My husband is no angel and he has made mistakes but he is a good man and a good father. He does the best he can to do right by his son and myself. He is not the same person from 5 years ago, or 10 years ago or 15 years ago. None of us are, we grow, we learn, we evolve. Why does that not account for anything? Why can't they see the person who may have made a mistake years ago is not the same person who is fighting to stay with their family now?

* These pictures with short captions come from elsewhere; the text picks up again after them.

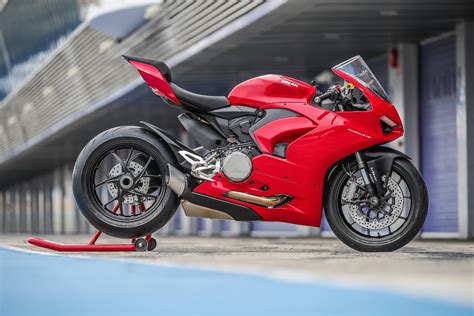 Ducati bikes showrooms in bangladesh. 2020-ducati-panigale-v4-v4s-v2-launch-price-malaysia ...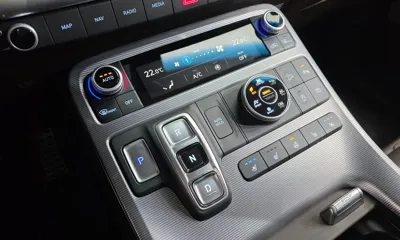 Hyundai Palisade 2023, 32472 км, за 42900000 KRW - фото 9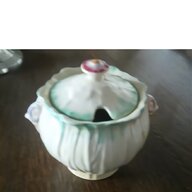 crown ducal bowl sugar for sale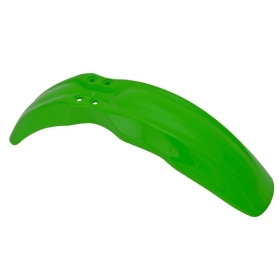 RACETECH Front Fender KAWASAKI KX 65cc 01-24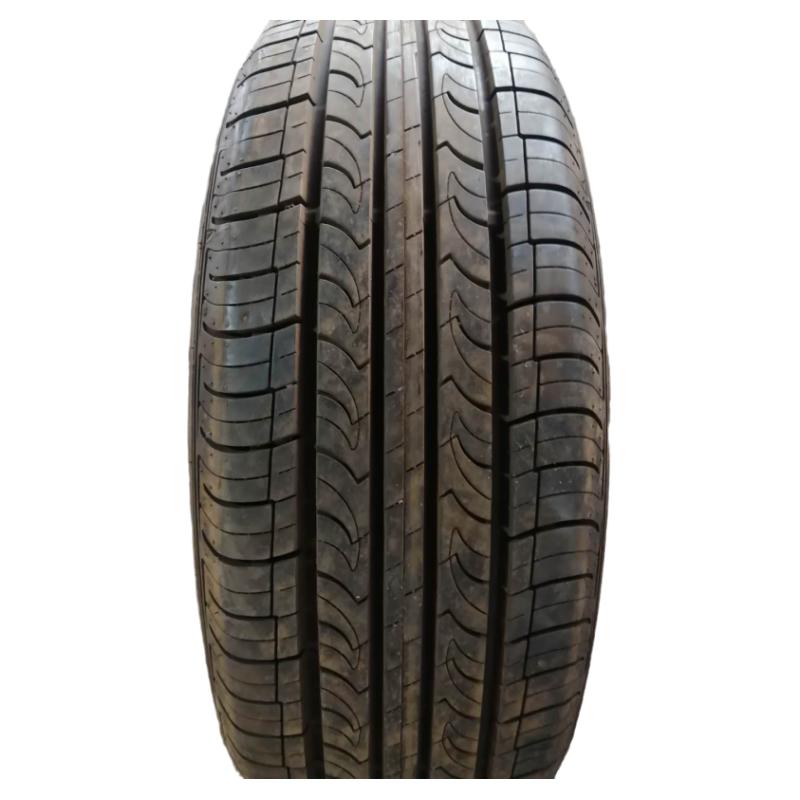 二手轮胎正品拆车轮胎185/195/205/215/225/50/55/60/65R15R16R17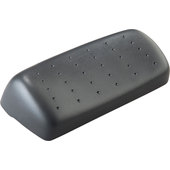 Backrest For Givi Case *E42*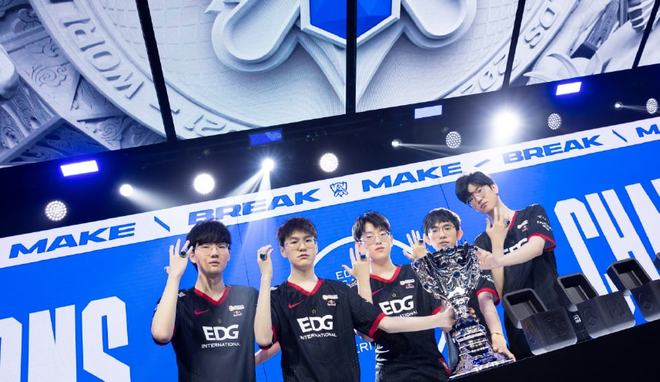 的强力输入 的强力输入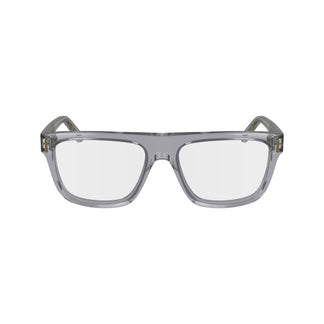 FERRAGAMO SF2997 50 55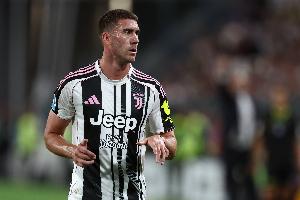 替補的神！DV9賽季4戰(zhàn)3替補轟4球1助，合同剩1年1200萬頂薪續(xù)約難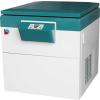Floor Standing Large Capacity Refrigerated Centrifuge FLRC-5000 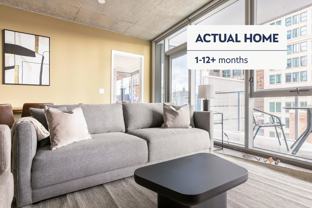 60 East Randolph Street - Photo 1 of 1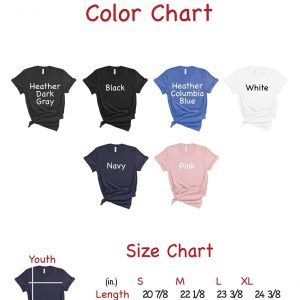 In My Gigi Era The Ultimate Sweatshirt for Proud and Stylish Grandmas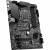 Материнская плата MSI PRO Z690-P DDR4 — для бизнеса и офиса Материнская плата MSI PRO Z690-P DDR4 — для бизнеса и офиса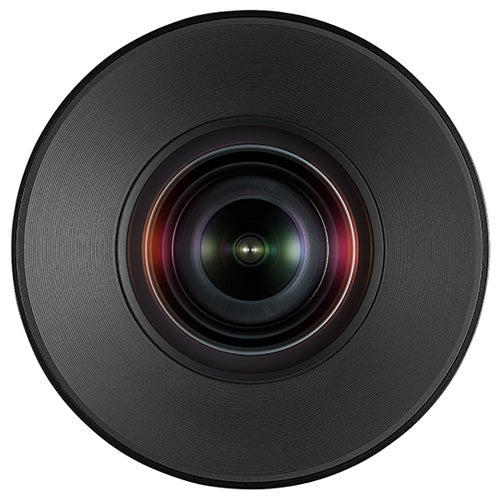 Laowa 12mm t/2.9 ZERO-D Cine lens for Sony FE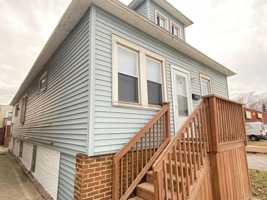 featured image of 2240 White Oak Ave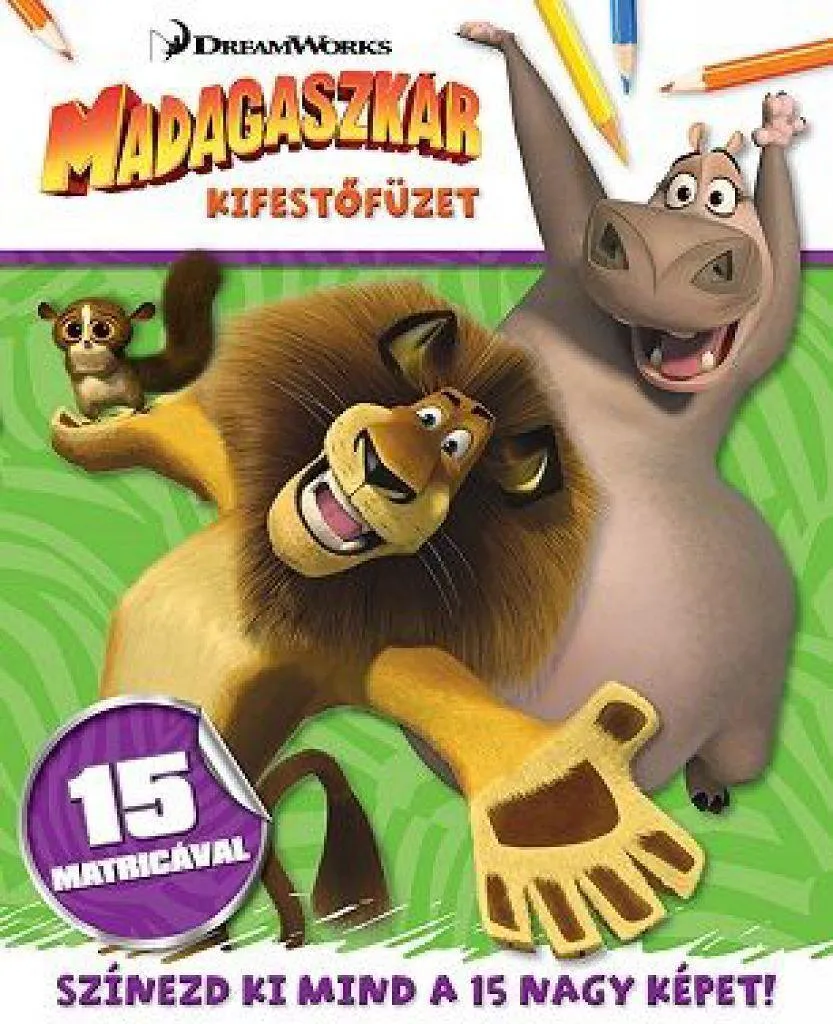 madagaszkar_-_kifestfuzet_matricakkal_cover.jpg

I'm scared that if and when CIR is passed, we will fall through the loop holes. I'm scared that our family will be split up again. I'm scared of how that will not only affect me but how that will affect my son.

Tuesday, June 18, 2013

Nuns on the bus.

When Jose was moved to McHenry Detention Center I was attending the Broadview prayer vigils. I met several Sisters of Mercy and there was a moment when one of them, after hearing my name, told me she knew who I was. As it turned out these Sisters visited the McHenry Detention Center and visited the immigrant detainees. During their visits, which were in person and not through the video/electronic visitations, they would pray together and asked who the detainees wanted to pray for. There was one man who would always ask for them to pray for his wife, America. I get a knot in my throat just thinking about it. Jose would always ask them to pray for me and our son, without fail.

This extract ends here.